BEGIN

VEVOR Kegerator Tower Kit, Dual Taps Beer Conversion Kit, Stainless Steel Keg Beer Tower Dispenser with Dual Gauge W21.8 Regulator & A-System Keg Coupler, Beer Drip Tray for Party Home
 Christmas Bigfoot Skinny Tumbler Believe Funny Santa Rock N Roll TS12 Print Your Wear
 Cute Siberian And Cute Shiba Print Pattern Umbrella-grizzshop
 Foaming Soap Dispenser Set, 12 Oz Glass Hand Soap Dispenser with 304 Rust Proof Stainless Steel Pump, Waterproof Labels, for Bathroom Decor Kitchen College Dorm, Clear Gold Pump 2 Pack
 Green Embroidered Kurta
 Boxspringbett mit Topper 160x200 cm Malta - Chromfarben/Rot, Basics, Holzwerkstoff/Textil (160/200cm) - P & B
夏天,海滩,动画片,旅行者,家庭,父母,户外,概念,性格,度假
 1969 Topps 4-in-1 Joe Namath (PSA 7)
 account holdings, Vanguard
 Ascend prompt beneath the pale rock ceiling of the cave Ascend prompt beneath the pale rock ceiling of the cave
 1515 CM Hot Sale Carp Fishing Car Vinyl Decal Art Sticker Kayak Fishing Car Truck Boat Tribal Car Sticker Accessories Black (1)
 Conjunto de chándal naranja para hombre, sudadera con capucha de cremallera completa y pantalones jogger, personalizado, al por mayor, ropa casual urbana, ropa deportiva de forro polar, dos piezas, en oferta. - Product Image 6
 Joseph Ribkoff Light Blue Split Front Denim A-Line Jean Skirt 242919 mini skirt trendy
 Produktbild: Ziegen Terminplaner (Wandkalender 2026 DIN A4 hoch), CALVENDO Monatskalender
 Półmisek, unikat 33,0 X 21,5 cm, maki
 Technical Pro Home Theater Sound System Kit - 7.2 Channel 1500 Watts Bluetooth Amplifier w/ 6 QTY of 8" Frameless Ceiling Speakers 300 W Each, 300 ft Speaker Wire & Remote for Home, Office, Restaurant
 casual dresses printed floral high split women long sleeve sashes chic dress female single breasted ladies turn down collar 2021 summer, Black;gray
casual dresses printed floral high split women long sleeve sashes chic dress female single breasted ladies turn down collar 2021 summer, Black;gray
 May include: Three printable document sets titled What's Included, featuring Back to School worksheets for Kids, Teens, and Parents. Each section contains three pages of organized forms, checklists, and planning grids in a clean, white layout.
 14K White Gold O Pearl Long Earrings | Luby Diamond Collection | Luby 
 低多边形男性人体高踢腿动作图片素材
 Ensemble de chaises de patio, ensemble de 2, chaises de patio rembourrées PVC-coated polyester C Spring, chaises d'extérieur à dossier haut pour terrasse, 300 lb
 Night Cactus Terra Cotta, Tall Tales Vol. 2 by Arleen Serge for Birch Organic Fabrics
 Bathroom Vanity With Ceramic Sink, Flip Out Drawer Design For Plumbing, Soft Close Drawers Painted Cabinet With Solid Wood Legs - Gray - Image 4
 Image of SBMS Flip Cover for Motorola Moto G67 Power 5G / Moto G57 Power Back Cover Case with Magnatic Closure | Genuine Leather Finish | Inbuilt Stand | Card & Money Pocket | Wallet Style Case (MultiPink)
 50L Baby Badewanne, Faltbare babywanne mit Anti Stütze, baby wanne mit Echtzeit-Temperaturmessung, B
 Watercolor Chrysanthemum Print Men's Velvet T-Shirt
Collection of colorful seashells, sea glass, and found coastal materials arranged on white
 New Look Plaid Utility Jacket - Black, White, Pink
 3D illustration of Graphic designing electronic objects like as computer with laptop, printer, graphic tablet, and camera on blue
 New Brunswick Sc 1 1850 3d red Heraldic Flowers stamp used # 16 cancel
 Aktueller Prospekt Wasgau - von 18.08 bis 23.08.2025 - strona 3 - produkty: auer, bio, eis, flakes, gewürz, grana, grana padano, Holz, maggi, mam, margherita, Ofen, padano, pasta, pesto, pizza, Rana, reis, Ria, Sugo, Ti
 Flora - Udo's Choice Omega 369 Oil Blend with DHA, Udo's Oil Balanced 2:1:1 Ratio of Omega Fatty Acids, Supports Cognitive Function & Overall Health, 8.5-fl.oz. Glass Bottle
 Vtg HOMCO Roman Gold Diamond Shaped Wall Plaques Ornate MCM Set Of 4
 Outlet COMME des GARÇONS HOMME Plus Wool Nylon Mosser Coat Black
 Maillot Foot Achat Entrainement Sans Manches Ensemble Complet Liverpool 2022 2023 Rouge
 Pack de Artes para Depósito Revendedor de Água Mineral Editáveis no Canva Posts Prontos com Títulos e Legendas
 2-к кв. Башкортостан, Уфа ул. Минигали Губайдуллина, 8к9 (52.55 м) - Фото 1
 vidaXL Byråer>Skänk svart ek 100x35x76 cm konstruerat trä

END

** Directions for this task **
Exactly the lines from the one containing "Outlet COMME des" to the last line of the entries above must be duplicated, with both of those lines included and nothing more.

** Response to the exercise **
 Outlet COMME des GARÇONS HOMME Plus Wool Nylon Mosser Coat Black
 Maillot Foot Achat Entrainement Sans Manches Ensemble Complet Liverpool 2022 2023 Rouge
 Pack de Artes para Depósito Revendedor de Água Mineral Editáveis no Canva Posts Prontos com Títulos e Legendas
 2-к кв. Башкортостан, Уфа ул. Минигали Губайдуллина, 8к9 (52.55 м) - Фото 1
 vidaXL Byråer>Skänk svart ek 100x35x76 cm konstruerat trä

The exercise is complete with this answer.